Overcoming the Challenges and Making the Right Choices.
If you’re going through a separation and co-own property with your ex-spouse, remember these essential points:
Seek legal advice before leaving the shared property, as doing so could potentially forfeit your entitlement to it.
For married couples, a claim on property must be made within 12 months of the Divorce Order, and for de facto couples, within 2 years of the separation. It’s crucial to act promptly to ensure a fair division of property and financial settlements.
Consult with a Bank Home Finance Manager and a family lawyer to make informed decisions and develop effective strategies. Your lawyer will assess your financial position, as well as the assets and liabilities acquired during the relationship, to provide tailored advice on property matters.

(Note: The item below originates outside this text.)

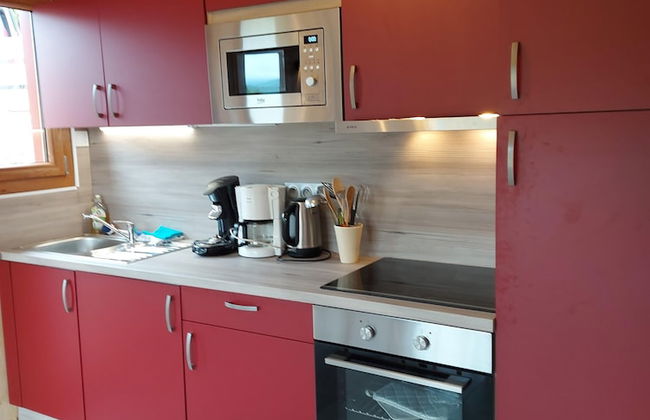 2 Chalets for 4 People - Foto 4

Navigating the Complexities of Property Ownership When Sharing Assets with Another Person.
If you and your ex-spouse or partner co-own property, there are several options you may consider for financial settlement:
Divide the proceeds from selling the property.
Assume sole responsibility for the mortgage and release your ex from their obligations.

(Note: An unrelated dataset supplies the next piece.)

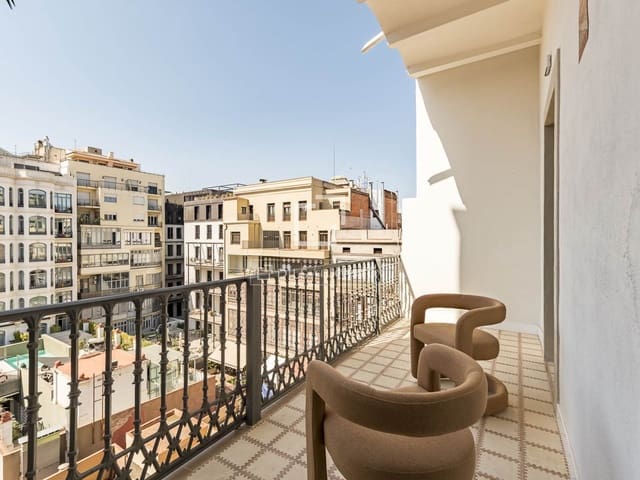 3 soveværelse Lejlighed til salg i Barcelona by - € 1.245.000 (Ref: 9985880)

Refinance the mortgage to buy out your ex’s share of the property.
Transfer the title of the property to your ex in exchange for an equity payout from them.
Establish a cohabitation agreement that outlines financial responsibilities, such as mortgage payments and outgoings, during a defined period of time, and includes plans for property division at the end of the term.
Things to Consider Before Taking Over a Mortgage
If you’re thinking about taking over a mortgage, refinancing, or applying for a new home loan, it’s important to keep in mind:
You will need a steady source of income that can support you, your family or dependents, and cover any mortgage repayments.
You must be able to provide evidence of your income, such as payslips, during the loan application process.
It’s wise to have some financial cushion to prepare for potential interest rate hikes or unforeseen expenses.
The bank will assess your previous mortgage payment history and your ability to afford the loan based on your monthly expenses.
Consider which type of home loan suits your needs best.